Add President Barack Obama to the list of current and former Illinois lawmakers who may have violated the lone rule of the controversial legislative scholarship program: that the recipient live within the awarding lawmaker’s district.

In 2002, 2003 and 2004, while serving as 13th District state senator, Obama awarded one-year free-tuition scholarships to Angela Bennett to attend Southern Illinois University. Her home address was in the 7400 block of South Luella in Chicago, state records show.

In 2004, Obama gave a one-year scholarship to Brooke Henton to attend the University of Illinois. Her home address was in the 7500 block of South Oglesby.

Both addresses were within the boundaries of Obama’s district prior to the redistricting that followed the 2000 Census. And Bennett lived in Obama’s district when she received her first scholarship from him, in 2002.

However, once new legislative boundaries took effect in 2003, neither address remained in the 13th District, according to district maps and elections officials. Both Bennett and Henton were less than a block outside the new boundaries — so they should not have been eligible for a scholarship from Obama from 2003 on.

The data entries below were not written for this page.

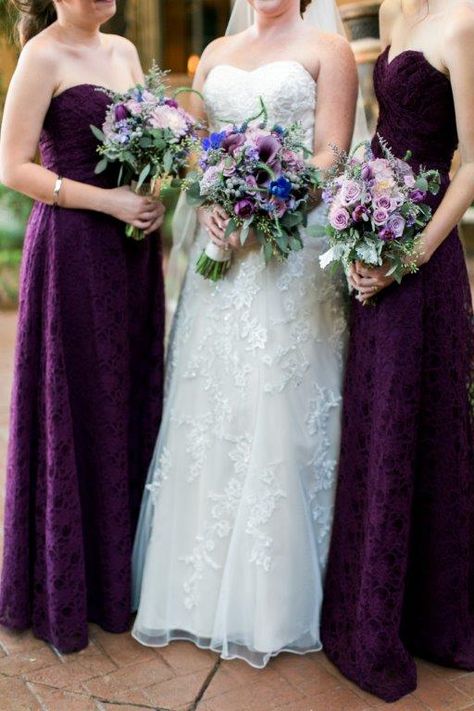 Bride wearing white J-Johnson sweetheart neckline while her bridesmaids' are wearing plum A-line dresses by Madeline Gardner. Both are holding bouquets with purple dahlia, callia lilys, delphiniums, and peonies with green accents.| Thomas Shull Photography| villa siena.cc Villa Siena, Purple Dahlia, Madeline Gardner, Bridesmaids Bouquets, Bridesmaid Dress Colors, Park Wedding, Park Weddings, Delphinium, Bride Wear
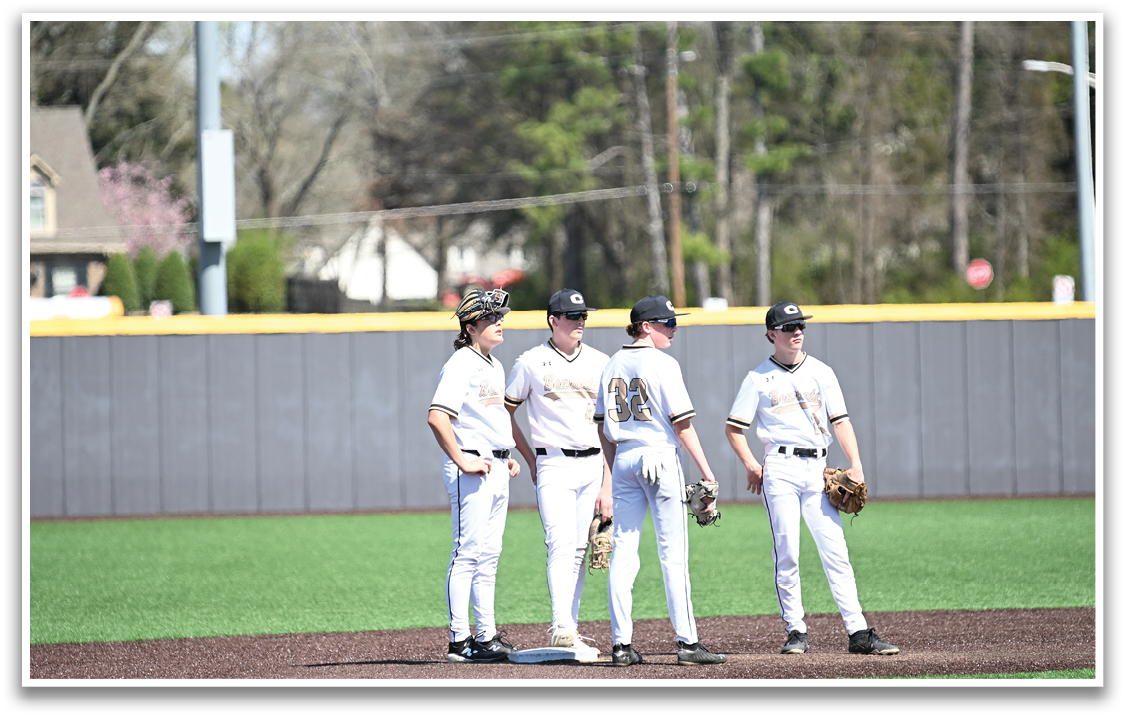 Four baseball players standing on a field, wearing white uniforms and holding baseball gloves. AI generated content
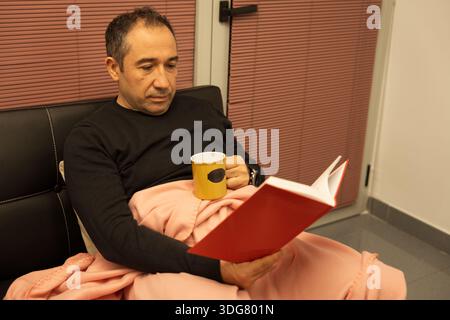 Man reading a book while resting at home with a blanket and a mug Stock Photo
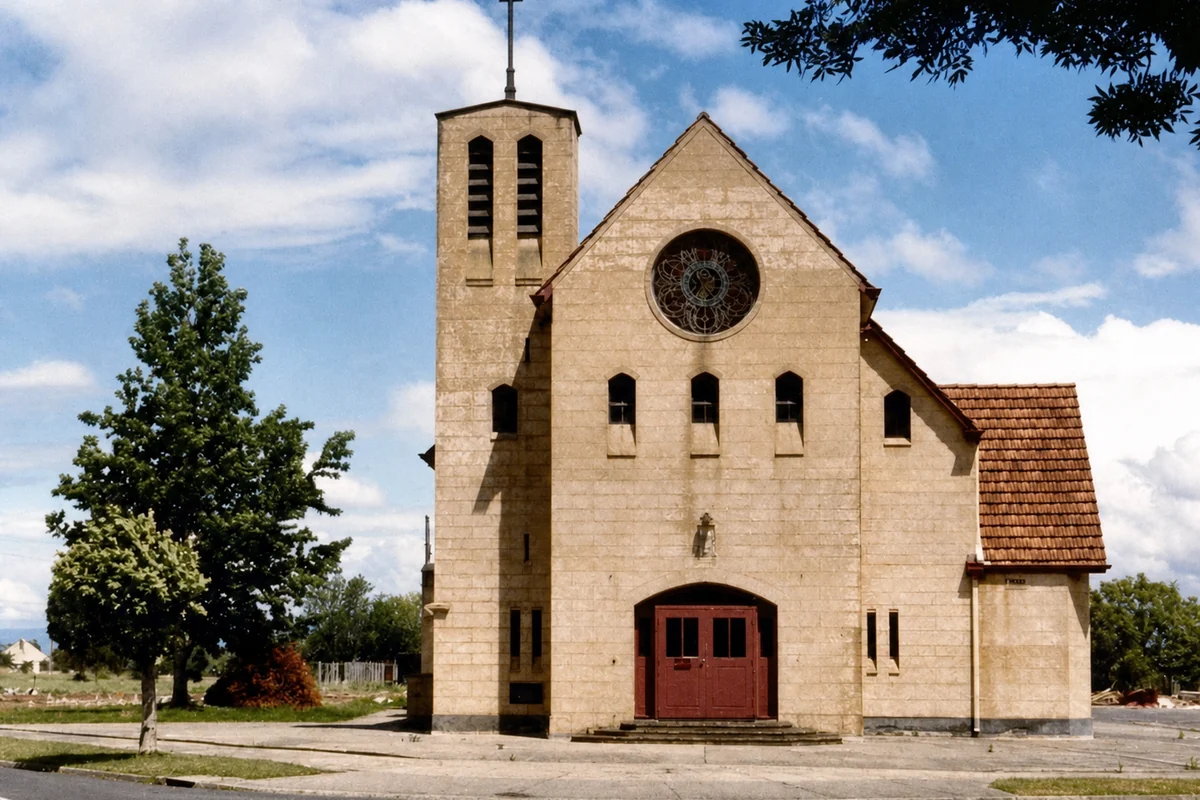 A stone church in Yallourn with a bell tower, cross, rose window and red doors.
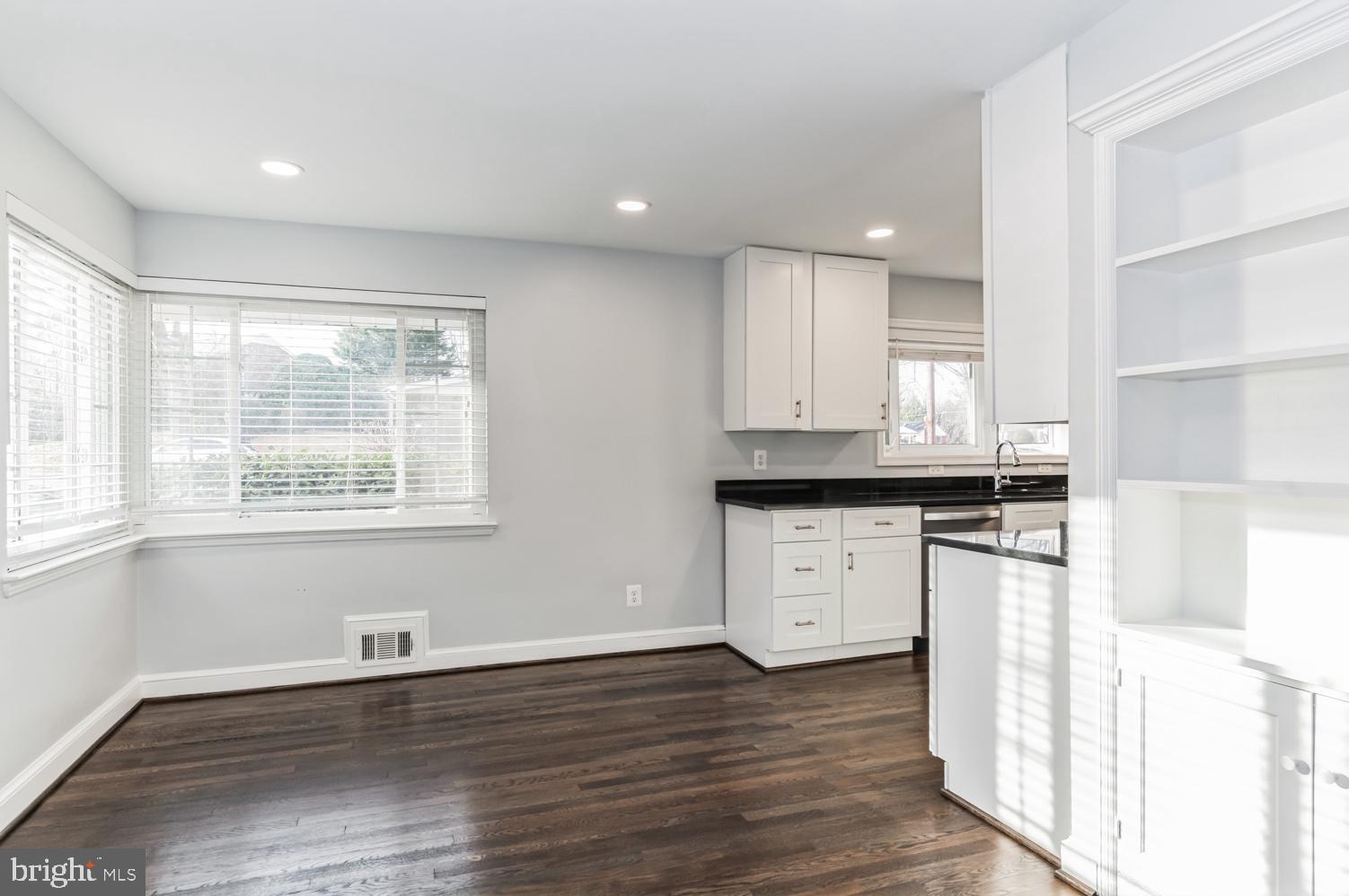 7016 Donna Circle Annandale, VA 22003 - Photo 5 of 30 a kitchen with a refrigerator and white cabinets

An Obama spokeswoman declined comment.

Fire official feels burned by alderman

Chicago Fire Department Lt. Carmelita Wiley-Earls has an idea why she was recently transferred from a plum post at the Fire Academy: West Side Ald. Jason Ervin.

Wiley-Earls ran against Ervin for alderman in 2011 and committeeman in 2012, but she didn’t make the ballot because of petition challenges.

So, it goes without saying there’s bad blood.

Wiley-Earls said Ervin approached her then-boss, Fire Commissioner Robert Hoff, last summer and accused her of politicking in uniform.

” ‘You need to do something about that goddamn commander of yours, coming around my office in her uniform stirring up s—,’ ” Ervin told Hoff, according to Wiley-Earls, who said Hoff described the encounter to her.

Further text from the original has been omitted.